The other studied tree species were not supported by bibliography in the literature relating to the correlation between the anatomy and the wood density profile. Among these species, Astronium graveoleons trees (Figure 2-1, Table 2) presented growth rings delimited by axial parenchyma bands reflecting a wood density profile defined by a sharp drop in density (parenchyma tissue, 0,7 g/cm3) alternating with higher density (fibrous tissue, 1,0 g/cm3). Also in Copaifera langsdorffii trees (Figure 2-7, Table 2) the same pattern of wood density profile was detected, with an alternation of lower density (marginal parenchyma associated with tangentially secretory canals, with 1.0 g/cm3) and higher density (fibrous area, with 1.3 g/cm3). In Balfourodendron riedelianum trees (Figure 2-2, Table 2) the sequence of fibers and parenchyma zones, typical of this species, was reflected in distinct alternation of the highest (1.1 g/cm3) and lowest (0.5 g/ cm3) values of wood density. Zeyheria tuberculosa trees (Figure 2-15, Table 2) have a wood anatomical structure comparable to B. riedelianum wood with the main differences relating to the greater width of fibers (0.95 g/cm3) and parenchyma (0.5 g/cm3) zones. Similarly, Handroanthus (Tabebuia) serratifolia trees (Figure 2-8, Table 2) show similarity in their anatomy, with narrower fiber (1.1 g/cm3) and parenchyma (0.7 g/cm3) bands; and Caesalpinia leiostachya (Figure 2-3, Table 2) trees with growth ring boundary with longitudinal parenchyma (0.9 g/cm3) and fiber zones (1.4 g/cm3); Pterocarpus violaceus (Figure 2-12, Table 2) also presented a wood region with higher (1.1 g/cm3) and lower (0.4 g/cm3) density profile, related to their anatomical features, similar to the Joannesia princeps trees with density variation of 0.85 (latewood) and 0.50 (early wood) g/cm3 (Figure 2-10, Table 2).
A similar methodology was also applied in Gmelina arborea trees, in the Verbenaceae family, from Costa Rica, aiming to obtain the wood density variation and tree ring demarcation (MOYA; TOMAZELLO FILHO, 2009). Concerning the Myrtaceae family, the X-ray densitometry has been used to characterize the wood features of Eucalyptus spp., as a non-destructive method (TOMAZELLO FILHO, et al., 2008); to correlate with the climatic variability (OLIVEIRA et al., 2011) and to determine the wood density variation as a parameter of wood quality and with potential for biomass production (KNAPIC et al. 2014).
In the specialized literature the association of the two methodologies provides and aggregates the evaluation of the wood anatomical characteristics and their physical properties (tree-ring density). This methodology is important, especially for tropical and subtropical species where, unlike the temperate, the growth rings are not clear. Thus, the work enables the development of a new research field applied in ecological anatomy, dendroclimatology, wood quality, sustainable forest management, etc.
The results of the wood anatomical features of growth rings provided information concerning the tropical and subtropical tree species with higher potential for dendrochronological studies.
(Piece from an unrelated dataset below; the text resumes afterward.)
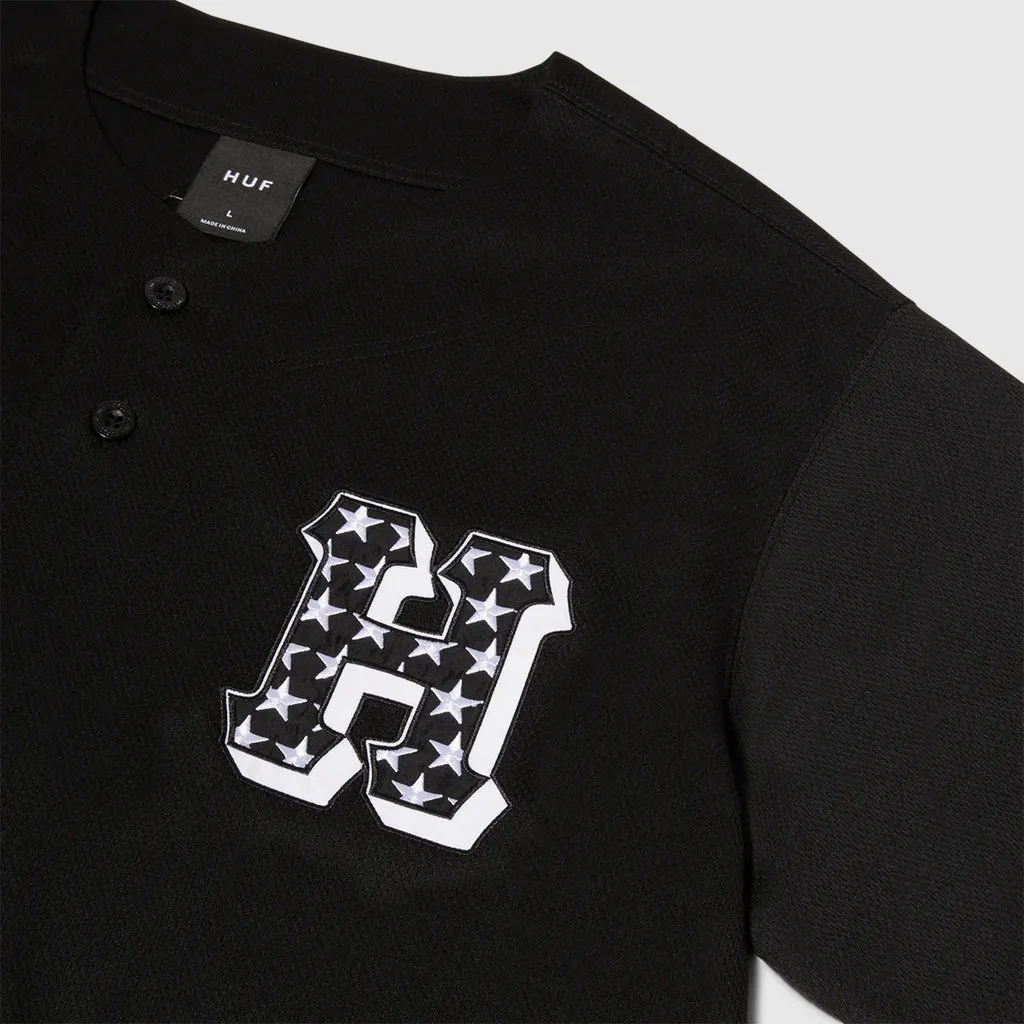 HUF H-Star Baseball Shirt - Black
The wood X-ray densitometry constitutes a complementary methodology allowing to apply the wood density profile – directly related to the wood anatomical features – to determine the growth ring boundaries. Among the families of broadleaves and conifers with the greatest potential were cited the Anacardiaceae, Araucariaceae, Fabaceae-Caesalpinoideae, Pinaceae, Lauraceae, Meliaceae and Verbenaceae. The wood anatomical and X-ray densitometry analyses are fundamental to dendrochronology applied to tropical and subtropical tree species and allowing their application in the sustainable forest management and evaluation of wood quality.